Top of GIVEN DATA
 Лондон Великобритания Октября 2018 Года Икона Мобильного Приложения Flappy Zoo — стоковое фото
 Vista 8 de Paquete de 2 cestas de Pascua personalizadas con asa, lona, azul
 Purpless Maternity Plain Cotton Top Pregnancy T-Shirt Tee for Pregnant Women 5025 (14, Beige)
Bottom of GIVEN DATA
Top of GIVEN DATA
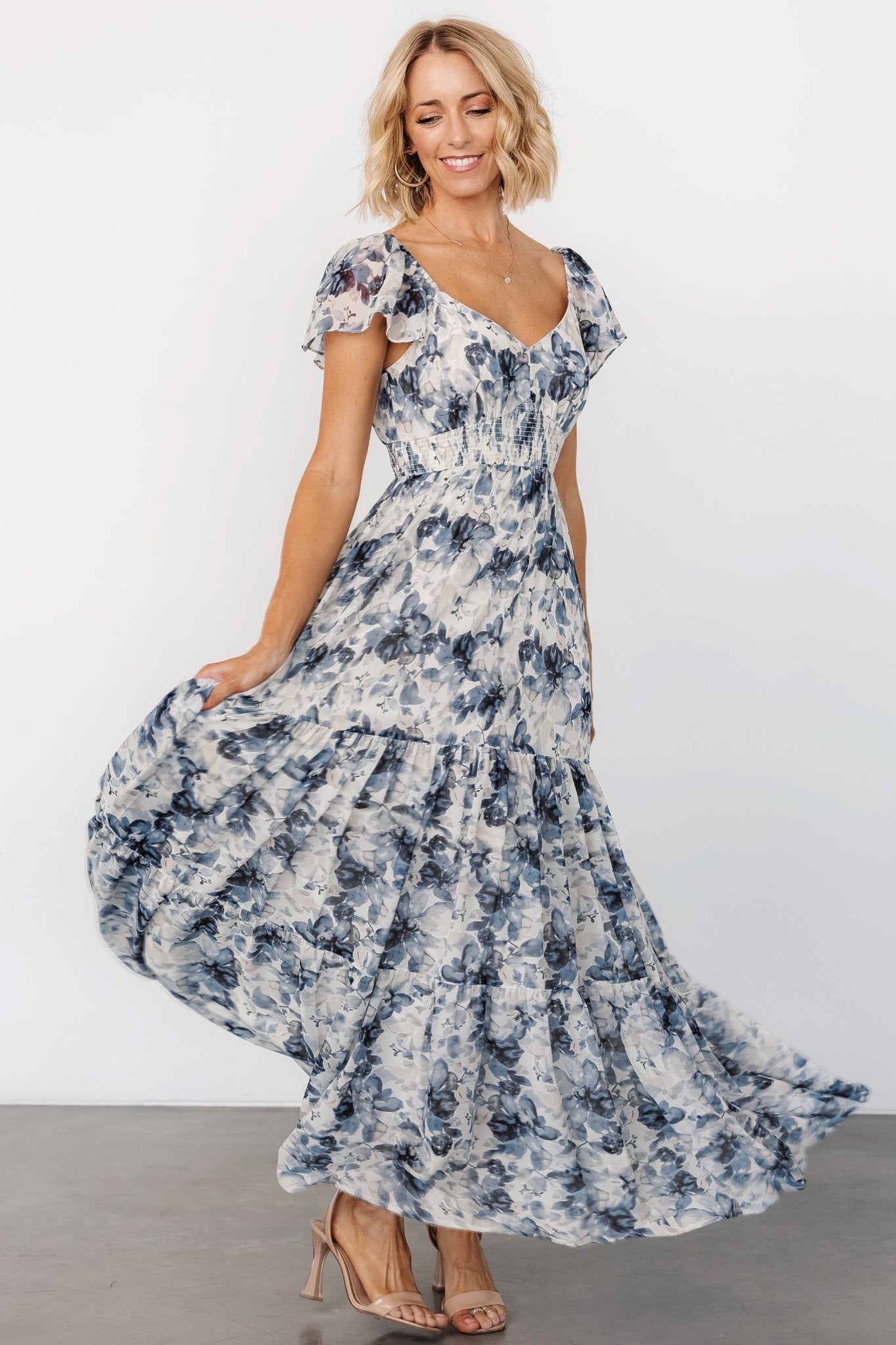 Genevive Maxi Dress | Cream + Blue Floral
Bottom of GIVEN DATA
TASK TO CARRY OUT | An exact copy of the lines above between the line holding "Лондон Великобритания Октября" and the line holding "Purpless Maternity Plain", inclusive, is the whole answer.

REPLY TO THE EXERCISE |
 Лондон Великобритания Октября 2018 Года Икона Мобильного Приложения Flappy Zoo — стоковое фото
 Vista 8 de Paquete de 2 cestas de Pascua personalizadas con asa, lona, azul
 Purpless Maternity Plain Cotton Top Pregnancy T-Shirt Tee for Pregnant Women 5025 (14, Beige)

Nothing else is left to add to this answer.